── Exercise data ──
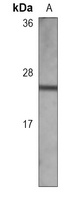 Anti-TIMP2 Antibody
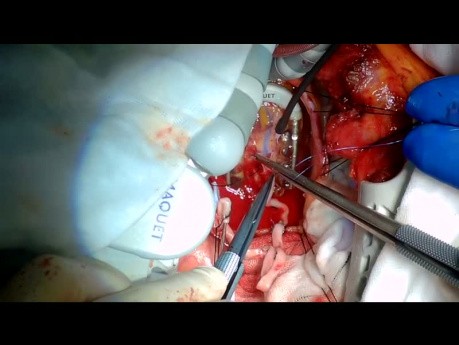 Koronararterienbypass - Reoperation ohne den Einsatz von extrakorporalen Kreislauf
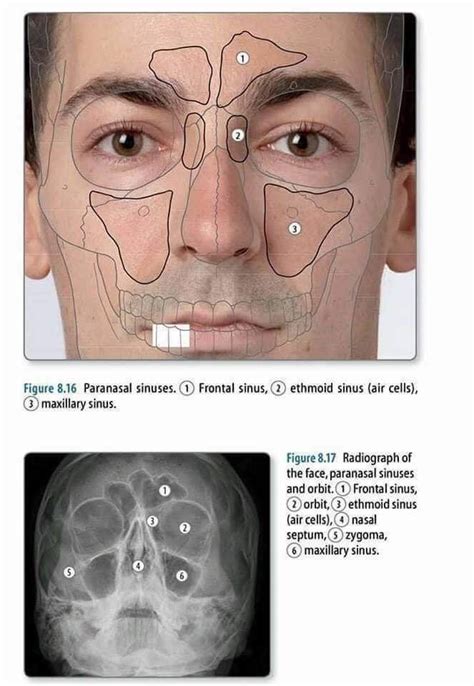 Facial Bones X-Ray | Medical Anatomy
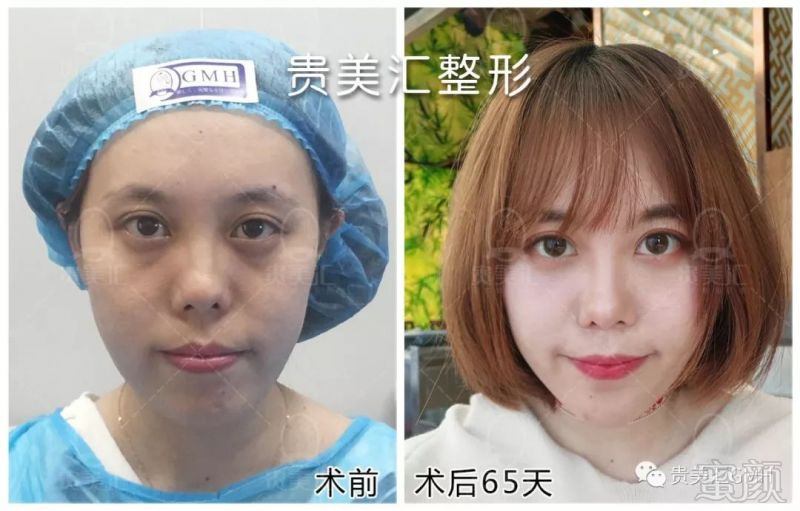 https://img.miyanlife.com/mnt/timg/180221/1133305428-3.jpg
───
**What is being asked:** Every line of the material above should be repeated exactly, except for the pictures.

**Exercise result:**
 Anti-TIMP2 Antibody
 Koronararterienbypass - Reoperation ohne den Einsatz von extrakorporalen Kreislauf
 Facial Bones X-Ray | Medical Anatomy
 https://img.miyanlife.com/mnt/timg/180221/1133305428-3.jpg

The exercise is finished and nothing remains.